Alex Wong/Getty
The National Archives did a document dump on Friday, releasing transcripts, meeting agendas, and confidentiality agreements from the Financial Crisis Inquiry Commission.
The group was set up in the aftermath of the crisis by Congress to look into the causes of the event, and the documents are a gold mine of information.
We're reading through it and will update as we see more interesting nuggets, but to start out, here is a great excerpt from an interview with billionaire investor Warren Buffett in 2010.
It pretty much sums up the problem with executive compensation across America, and particularly on Wall Street:
Well, it's perfectly understandable. I mean, you've got a CEO that cares enormously about his compensation. You've got a compensation committee that meets for a few hours maybe, you know, every meeting. You've got a human relations vice president who is working for the CEO that probably suggests a compensation consultant — a compensation consultant who is draconian is not going to get hired generally around, or even too innovative on the downside.
...
I was at Solomon. And it — the nature of Wall Street is that, overall, it makes a lot of money relative to the number of people involved, relative to the IQ of the people involved, and relative to the energy expended. They work hard, they're bright, but they aren't — they don't work that much harder or that much brighter than somebody that, you know, is building a dam some place, or a whole lot of other jobs.
Market systems produce strange results and Wall Street — in general, the capital markets are so big, there is so which money, that taking a small percentage results in a huge amount of money per capita in terms of the people that work in it. And they're not inclined to give it up.
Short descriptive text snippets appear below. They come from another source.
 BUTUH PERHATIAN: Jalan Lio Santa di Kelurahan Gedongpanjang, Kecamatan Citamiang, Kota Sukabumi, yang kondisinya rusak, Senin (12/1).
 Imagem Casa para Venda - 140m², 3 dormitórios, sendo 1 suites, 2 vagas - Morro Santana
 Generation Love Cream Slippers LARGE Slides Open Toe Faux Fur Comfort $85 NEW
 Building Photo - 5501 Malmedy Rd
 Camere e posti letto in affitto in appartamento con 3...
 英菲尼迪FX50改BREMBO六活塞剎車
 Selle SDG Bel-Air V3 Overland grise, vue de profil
Comp — most of the comp — you're talking about individual traders on, you know. And they have the big — you know, they call it the "traders' option." But they've got the upside. If they have a good year, if they have a bad year, you know, they might have a good year again next year. They might go to another firm. But they really — their interests are not totally aligned with shareholders.
He goes on to say that the problem is especially difficult on Wall Street, as a top performer can in theory move next door and set up a hedge fund.
"It is a tough managerial problem," he said.
He went on to suggest a fairly dramatic arrangement to stop banks from going bust while still giving executives large payouts.
Basically, he says, ensure that bosses lose everything if a bank has to be bailed out:
If you're worrying about the Bear Stearnses of the world is to have an arrangement in place so that if they ever have to go to the federal government for help, that the CEO and his spouse come away with nothing. And I think that can be done, you know.
Maybe the spouse would do better policing than the regulator.
Perhaps, then, it's not surprising that he also supports dramatic clawbacks, which are arrangements where CEOs have to pay back earnings from previous years:
I've suggested to them that maybe they give back, you know, five times the highest compensation they received in the previous five years or something. It has to be meaningful, but it can't be so draconian, that you don't get directors.
You'll get CEOs. You [don't] have to worry about that. You have a lot of upside for CEOs, you can give them the downside of, you know, sack cloth and hot ashes, and you'll still get CEOs.